在 2024/12/5 23:04, Lorenzo Stoakes 写道:
+ Matthew for large folio aspect
On Thu, Dec 05, 2024 at 10:30:38PM +0800, Jinjiang Tu wrote:
During our tests in containers, there is a read-only file (i.e., shared
libraies) in the overlayfs filesystem, and the underlying filesystem is
ext4, which supports large folio. We mmap the file with PROT_READ prot,
and then call madvise(MADV_COLLAPSE) for it. However, the madvise call
fails and returns EINVAL.
The reason is that the mapping address isn't aligned to PMD size. Since
overlayfs doesn't support large folio, __get_unmapped_area() doesn't call
thp_get_unmapped_area() to get a THP aligned address.
To fix it, call get_unmapped_area() with the realfile.
Isn't the correct solution to get overlayfs to support large folios?
Besides, since overlayfs may be built with CONFIG_OVERLAY_FS=m, we should
export get_unmapped_area().
Yeah, not in favour of this at all. This is an internal implementation
detail. It seems like you're trying to hack your way into avoiding
providing support for large folios and to hand it off to the underlying
file system.
Again, why don't you just support large folios in overlayfs?
Literally no other file system or driver appears to make use of this
directly in this manner.
And there's absolutely no way this should be exported non-GPL as if it were
unavoidable core functionality that everyone needs. Only you seem to...
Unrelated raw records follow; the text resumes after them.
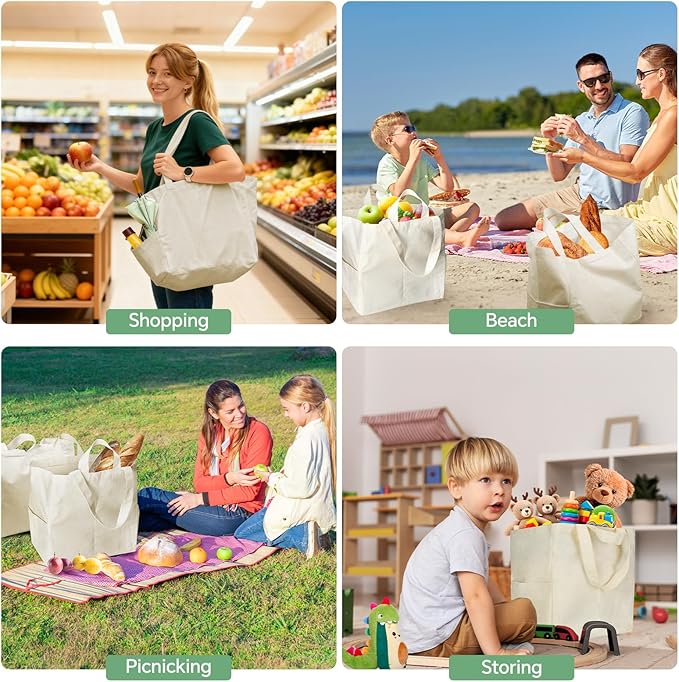 Dwscroad Canvas Tote Bag, Heavy Duty Reusable Grocery Bags with Pockets, Large Shopping Bags (3 Pack)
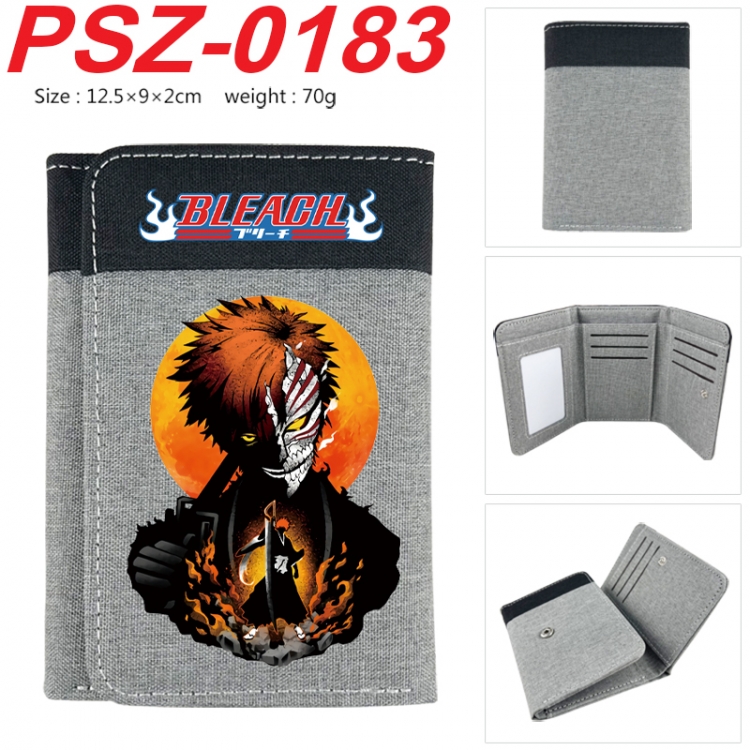 Bleach Anime color blocked three fold concealed wallet 12.5X9X2CM 70G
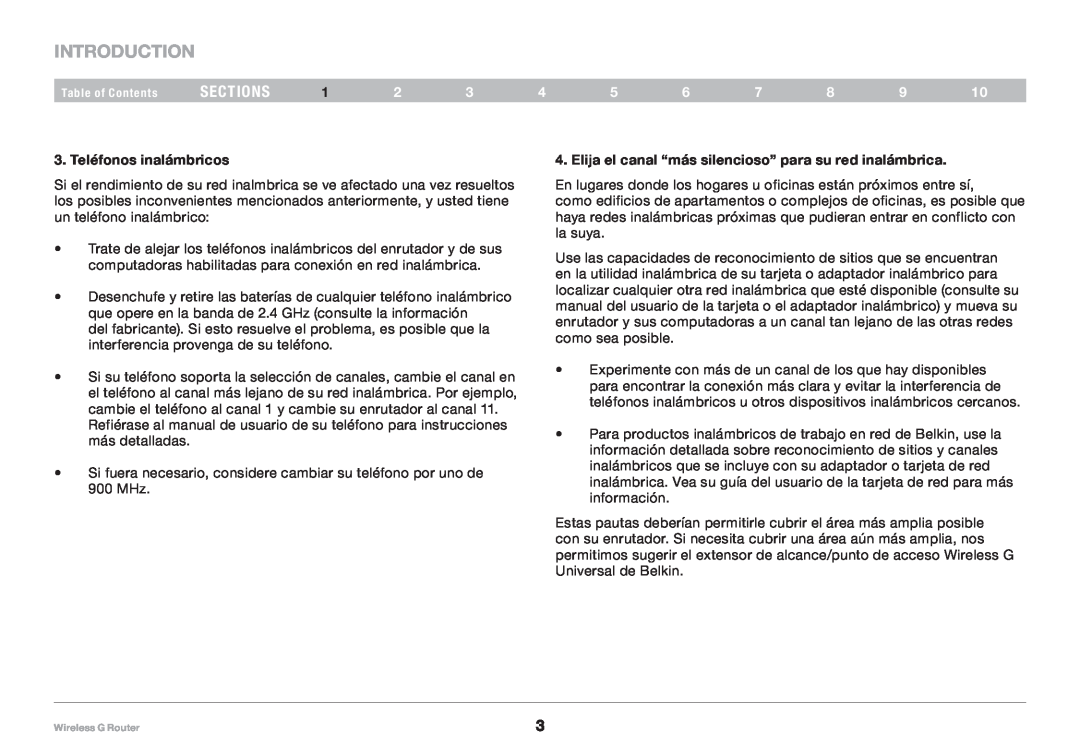 Belkin 8820NP00425 Introduction, sections, Teléfonos inalámbricos, Elija el canal “más silencioso” para su red inalámbrica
Signed-off-by: Jinjiang Tu <tujinjiang@xxxxxxxxxx>
---
fs/overlayfs/file.c | 20 ++++++++++++++++++++
mm/mmap.c | 1 +
2 files changed, 21 insertions(+)
diff --git a/fs/overlayfs/file.c b/fs/overlayfs/file.c
index 969b458100fe..d0dcf675ebe8 100644
--- a/fs/overlayfs/file.c
+++ b/fs/overlayfs/file.c
@@ -653,6 +653,25 @@ static int ovl_flush(struct file *file, fl_owner_t id)
return err;
}
+static unsigned long ovl_get_unmapped_area(struct file *file,
+ unsigned long addr, unsigned long len, unsigned long pgoff,
+ unsigned long flags)
+{
+ struct file *realfile;
+ const struct cred *old_cred;
+ unsigned long ret;
+
+ realfile = ovl_real_file(file);
+ if (IS_ERR(realfile))
+ return PTR_ERR(realfile);
+
+ old_cred = ovl_override_creds(file_inode(file)->i_sb);
+ ret = get_unmapped_area(realfile, addr, len, pgoff, flags);
+ ovl_revert_creds(old_cred);
Why are you overriding credentials, then reinstating them here? That
seems... iffy? I knew nothing about overlayfs so this may just be a
misunderstanding...
I refer to other file operations in overlayfs (i.e., ovl_fallocate, backing_file_mmap).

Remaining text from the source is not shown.